A tower with a clock face and oxidized copper roof against a mostly clear blue sky

Child Care Now is calling for increased federal spending on the early childhood education workforce, and for much bigger federal investments in the construction of more not-for-profit and public early learning and child care facilities.

In a recent submission to the House of Commons Standing Committee on Finance, Child Care Now has recommended that the 2024 federal budget provide for:

(1)$10 billion over the next three years to cover the capital costs associated with increasing the availability of licensed not-for-profit and public early learning and child care programs. 

(2) An additional $7 billion over three years in federal transfer payment to the provinces, territories and Indigenous governments to support full implementation of competitive and equitable wage grids for early childhood educators and other staff in each jurisdiction, along with improved benefits and working conditions.

“Demand for child care has risen significantly as a result of the federally-funded parent fee reductions,” says Morna Ballantyne, Child Care Now Executive Director. “Governments must now move in a concerted way to meet increased demand with more public and not-for-profit service supply, but that can’t happen without more qualified early childhood educators and more facilities.”

It is universally recognized that retaining and recruiting qualified early childhood educators to work in community-based child care programs requires a significant increase in salaries and much better working conditions. Child Care Now estimates a federal contribution of $7 billion over the next three years is essential to bring compensation to an acceptable level especially if such a contribution is leveraged to increase provincial and territorial workforce investments.

Child Care Now’s budget request for a $10 billion federal Early Learning and Infrastructure Fund (to bolster the current allocation of $625 million) is based on the costs of implementing the federal government’s stated goal of adding 250,000 early learning and child care spaces by April 1, 2026.

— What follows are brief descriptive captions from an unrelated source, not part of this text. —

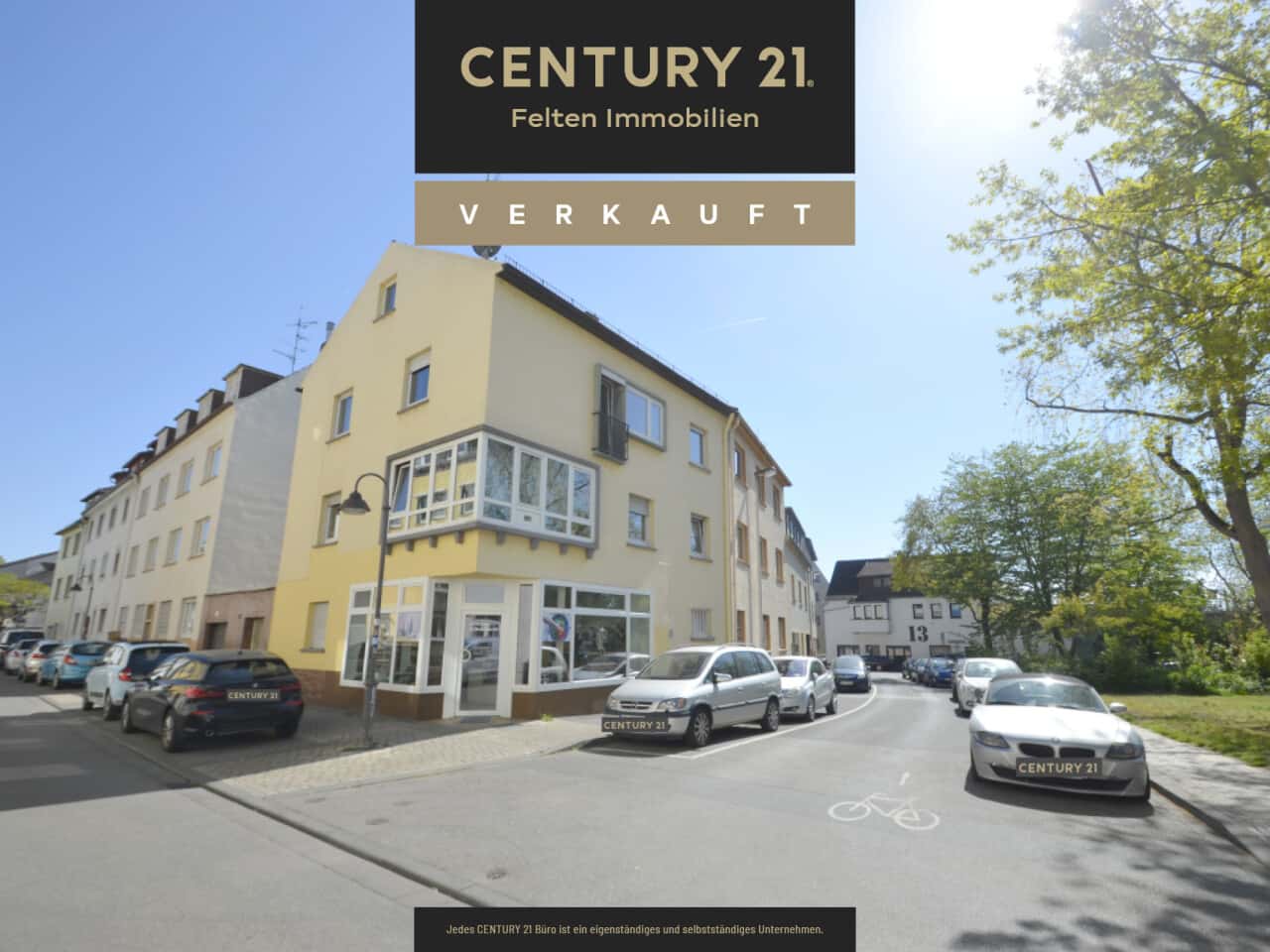 Wohn- und Geschäftshaus in Mainz-Kastel – Bild 1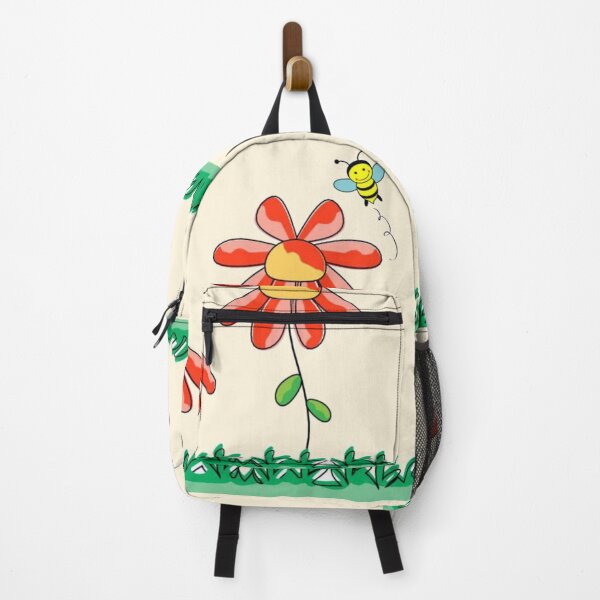Item preview, Cute Wholesome Bees in The Garden designed and sold by SherriMans.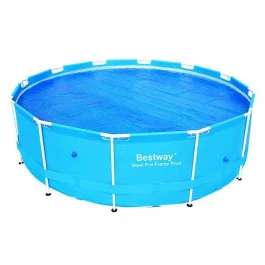 Bâche à Bulles Bestway Ronde 3,56 M Pour Piscine De 3,66 M 3 Bâche à Bulles Bestway Ronde 3,56 M Pour Piscine De 3,66 M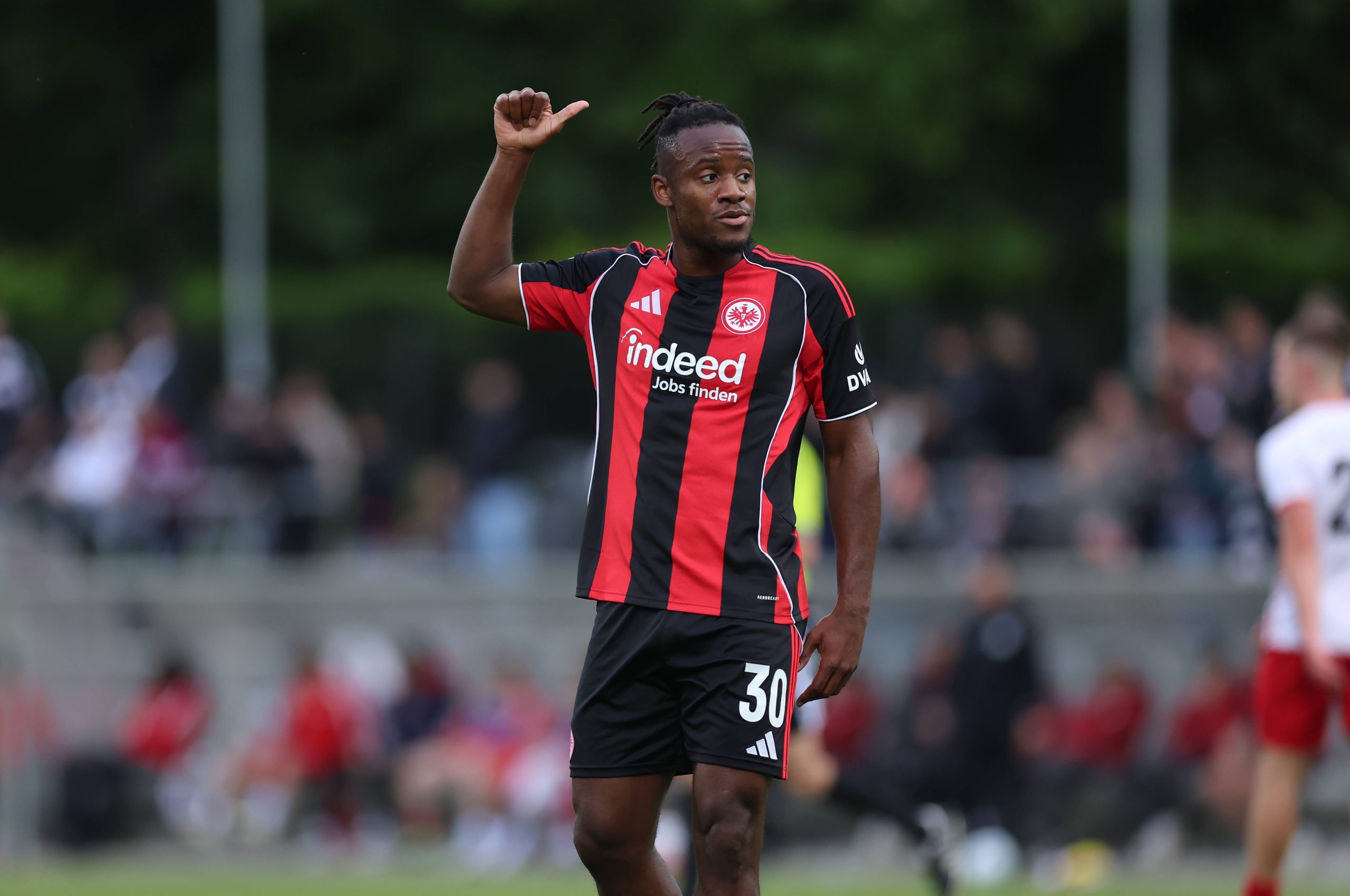 SGE compact: Is Batshuayi headed to Turkey?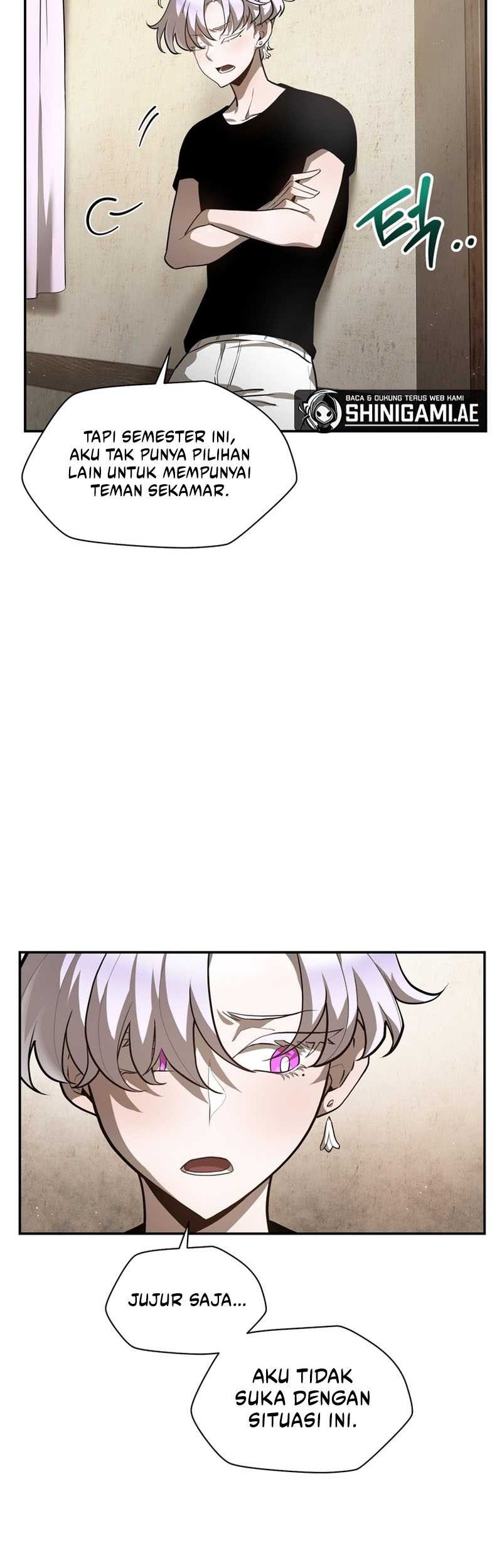 Helmut: The Forsaken Child Chapter 41 - halaman 46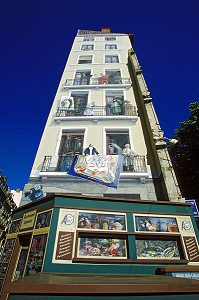 PEINTURES MURALES, LYON, RHONE (69), FRANCE 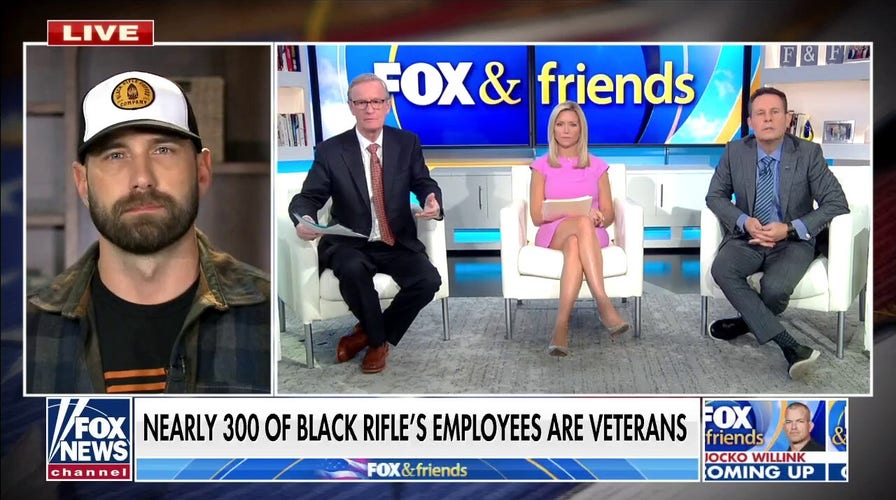 Black Rifle Coffee going public, set to open more stores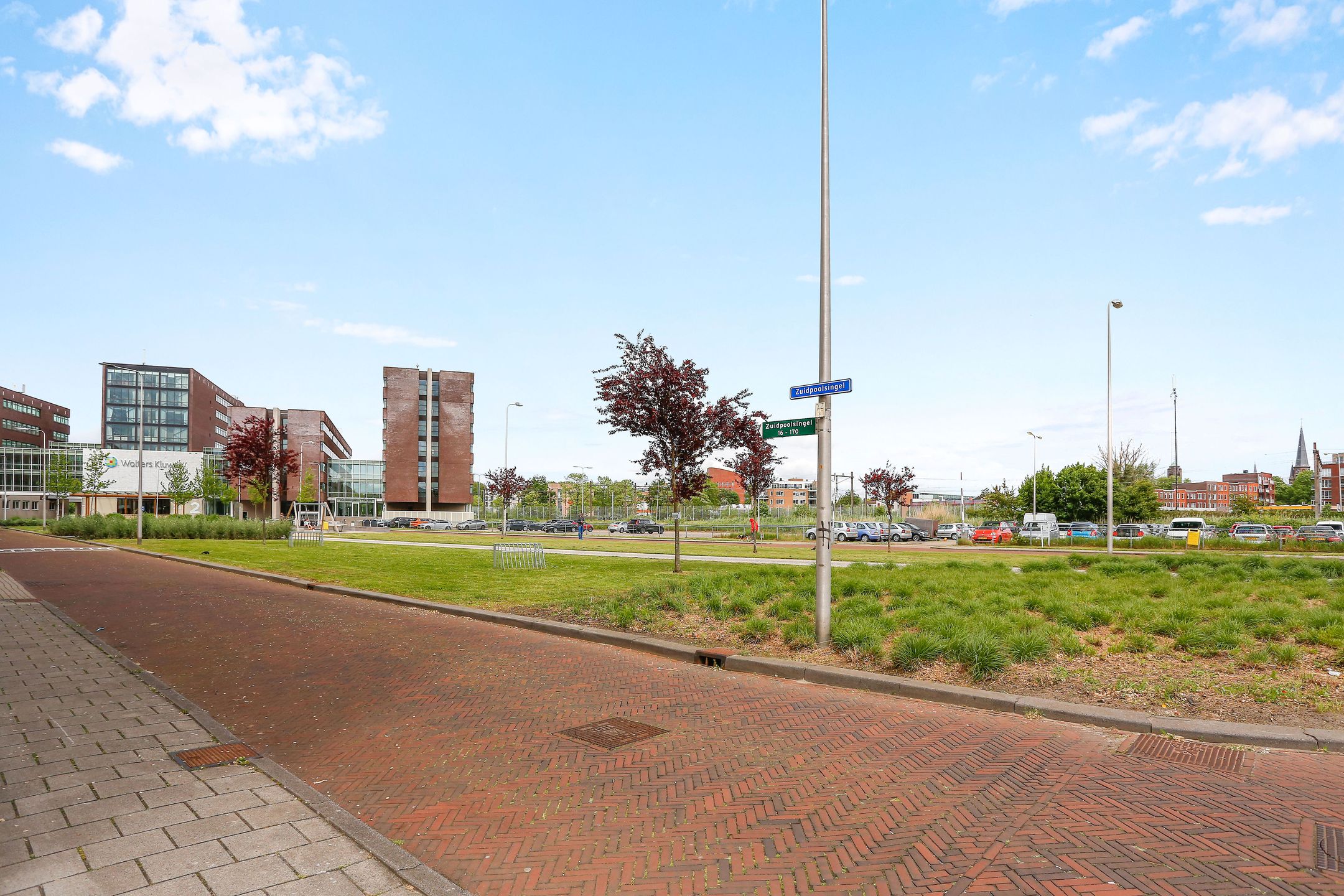 Photo 15 of 'DE STADSWIJZER' EUROPAPLEIN (centrum)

In putting forward these recommendations for additional federal funding for early learning and child care, Child Care Now further calls on all governments to ensure that First Nations, Métis and Inuit rights and jurisdiction are respected throughout the child care system-building transformation, as detailed in both the Indigenous Early Learning and Child Care Frameworks and the Canada-Wide Agreements on Early Learning and Child Care. 

Child Care Now congratulates the federal Liberal government for setting out in its 2021 budget a plan to reduce parent fees for regulated child care in Canada to an average of $10 a day, and to increase the supply of not-for-profit and public child care by 250,000 spaces by March 31, 2026. There remain many more steps to create systemic change within early learning and child care.